## Aim of the exercise
For the material that follows, return exactly the lines from the one with "Honda HR-V 1.6i VTEC 4WD Gris - 1" through the one with "Deva curl. Curly curls-on-the-Go 3oz set", both ends included.

## Dataset extract
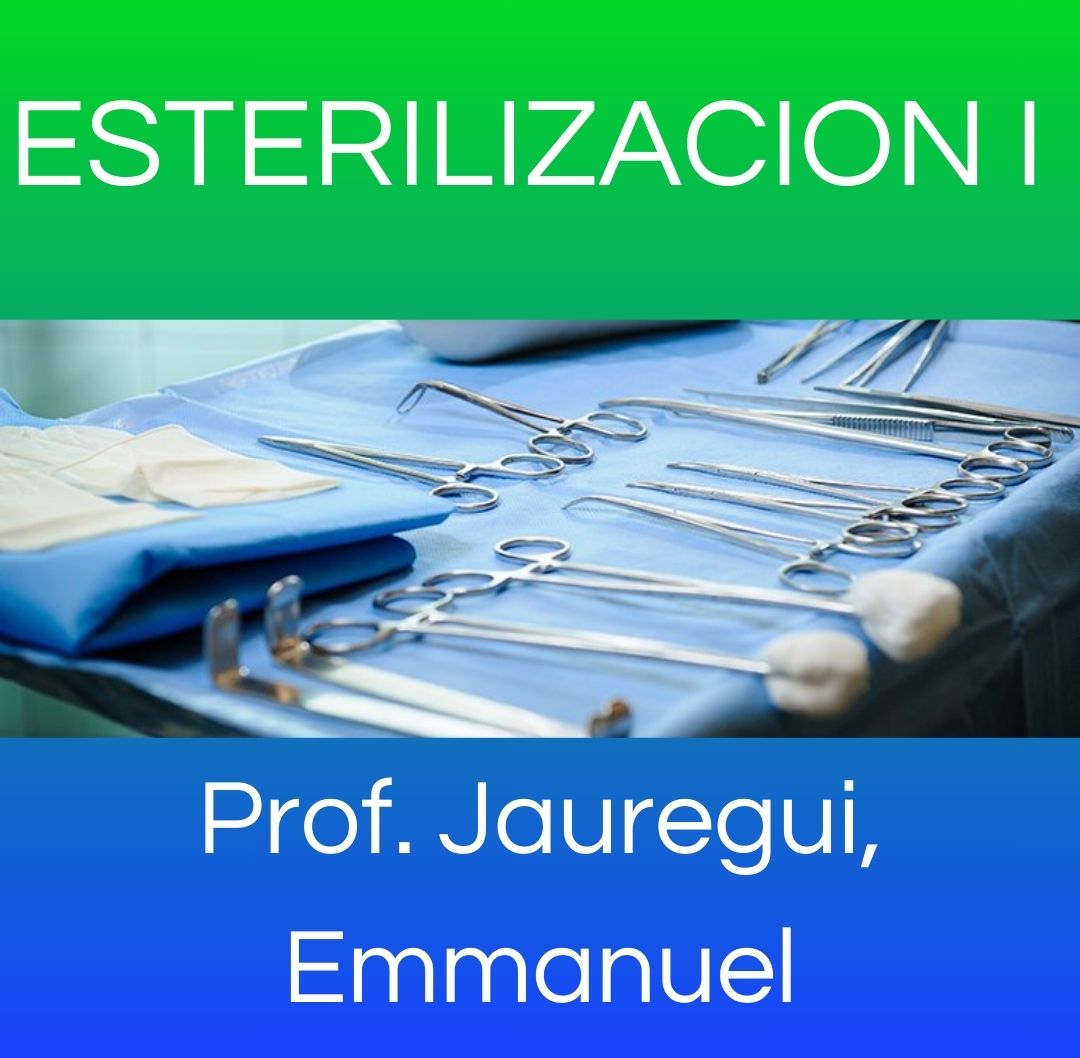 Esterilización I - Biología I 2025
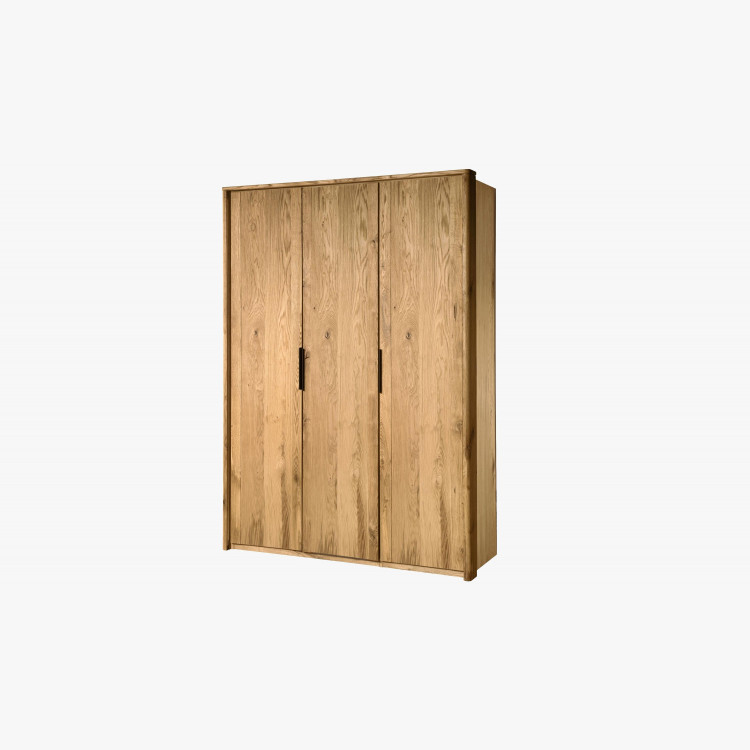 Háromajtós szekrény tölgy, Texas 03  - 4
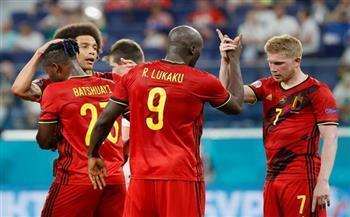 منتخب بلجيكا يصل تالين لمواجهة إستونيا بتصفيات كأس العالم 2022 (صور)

* * *

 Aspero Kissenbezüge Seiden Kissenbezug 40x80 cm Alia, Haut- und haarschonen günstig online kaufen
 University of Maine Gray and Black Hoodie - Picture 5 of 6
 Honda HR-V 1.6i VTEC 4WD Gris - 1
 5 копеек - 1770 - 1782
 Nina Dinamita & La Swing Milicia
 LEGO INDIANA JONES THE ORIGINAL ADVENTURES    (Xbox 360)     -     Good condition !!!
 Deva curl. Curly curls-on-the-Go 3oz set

## Task output
 Honda HR-V 1.6i VTEC 4WD Gris - 1
 5 копеек - 1770 - 1782
 Nina Dinamita & La Swing Milicia
 LEGO INDIANA JONES THE ORIGINAL ADVENTURES    (Xbox 360)     -     Good condition !!!
 Deva curl. Curly curls-on-the-Go 3oz set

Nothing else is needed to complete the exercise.